Buying From Bankrupt Stores
**Ed. Note: On Monday, in a story about retailers and bankruptcy we reported in error that Talbots is "on the list of stores that remain open for business, even though they've filed bankruptcy in recent months."
Talbots has not filed for bankruptcy.**
On Monday, beleaguered electronics chain Circuit City filed for Chapter 11 bankruptcy protection, joining a long line of retailers that have struggled to stay solvent amid the worsening economic downturn. The company had already announced it would close 155 stores in a last-ditch effort to stay afloat, but this filing has left many consumers confused about how (or if) they should approach companies that are open for business even if they’re headed toward – or already in – bankruptcy.
Will the warranty on that digital camera be honored? Can you get a refund on a product that was never delivered? What about that gift card lying around from last Christmas?
Not surprisingly, consumers tend to get the short end of the stick when it comes to bankruptcy filings. Legally, if you hold a warranty to a gift card you’re considered an unsecured creditor, which means the company only has to honor you once it’s done paying off all its other debts.

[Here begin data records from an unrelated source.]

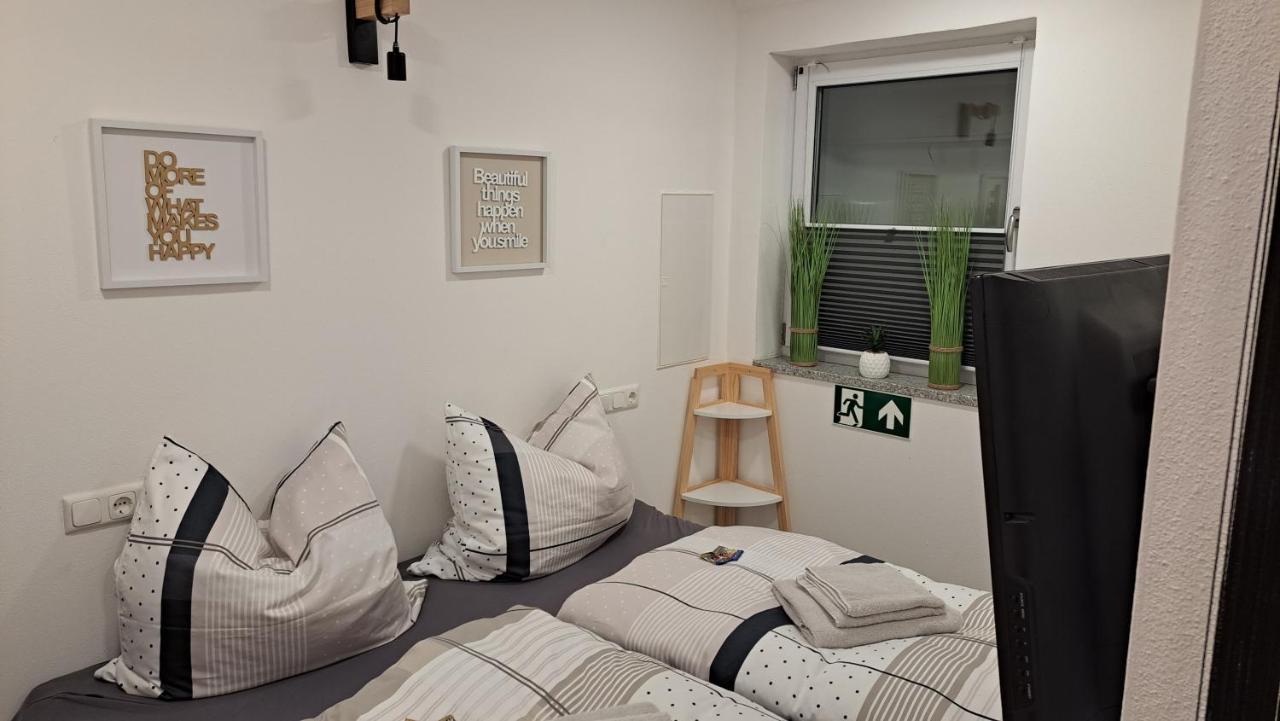 Appartment-Ferienwohnung Mit Kueche, Bad, Kostenlos Wlan, Modern Eingerichtet Родинг Экстерьер фото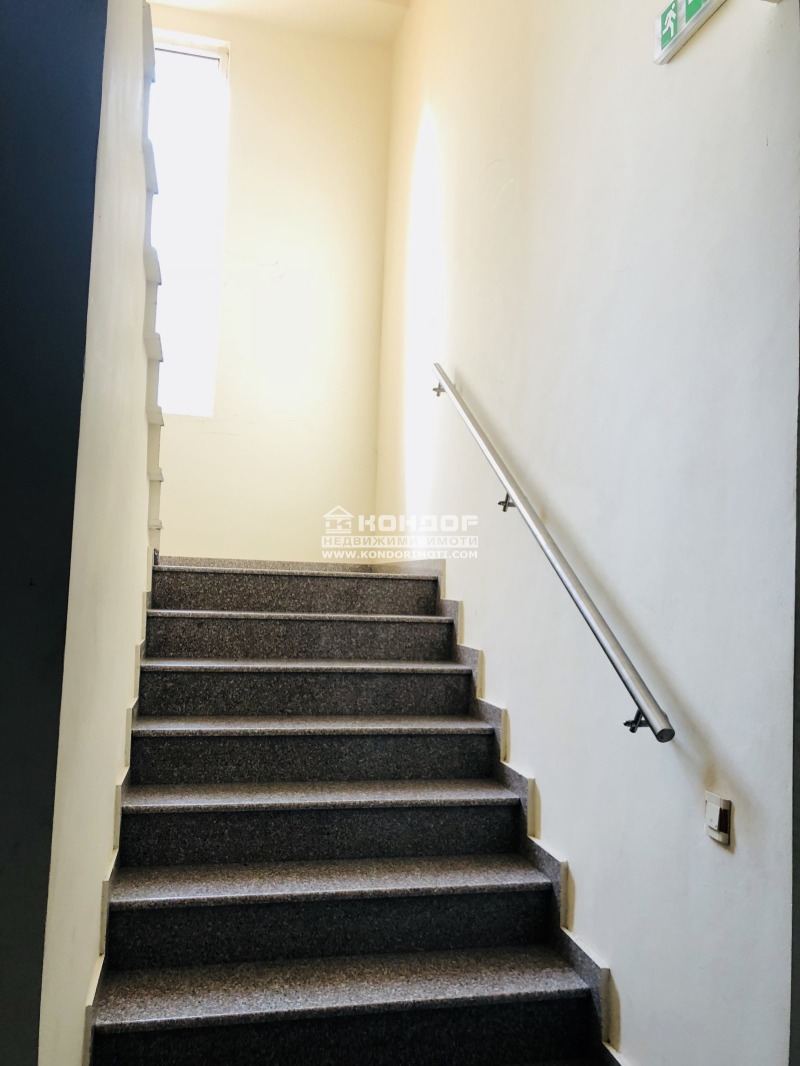 Продава ПРОМ. ПОМЕЩЕНИЕ, гр. Пловдив, Тракия, снимка 5 - Производствени сгради - 28141320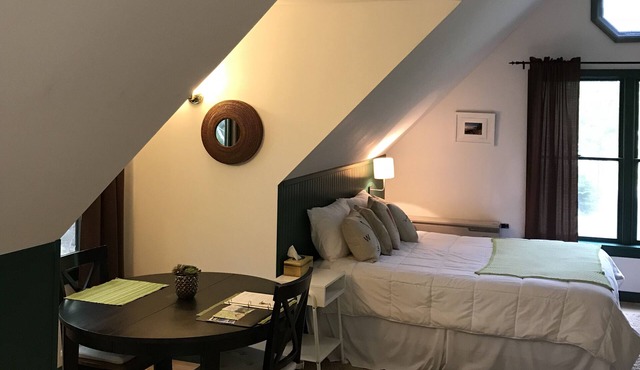Relaxing efficiency apartment in Bar Harbor on 2 acre of woods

The best ways to protect yourself, according to Carmen, are to use a credit card with purchase protection at any store that’s either in Chapter 11 or could be headed there. If it’s too late, you can file a claim with the store or send a proof of claim to the law firm handling the bankruptcy case. To find the bankruptcy court handling a particular company, go to uscourts.gov. You have 90 days to file the claim.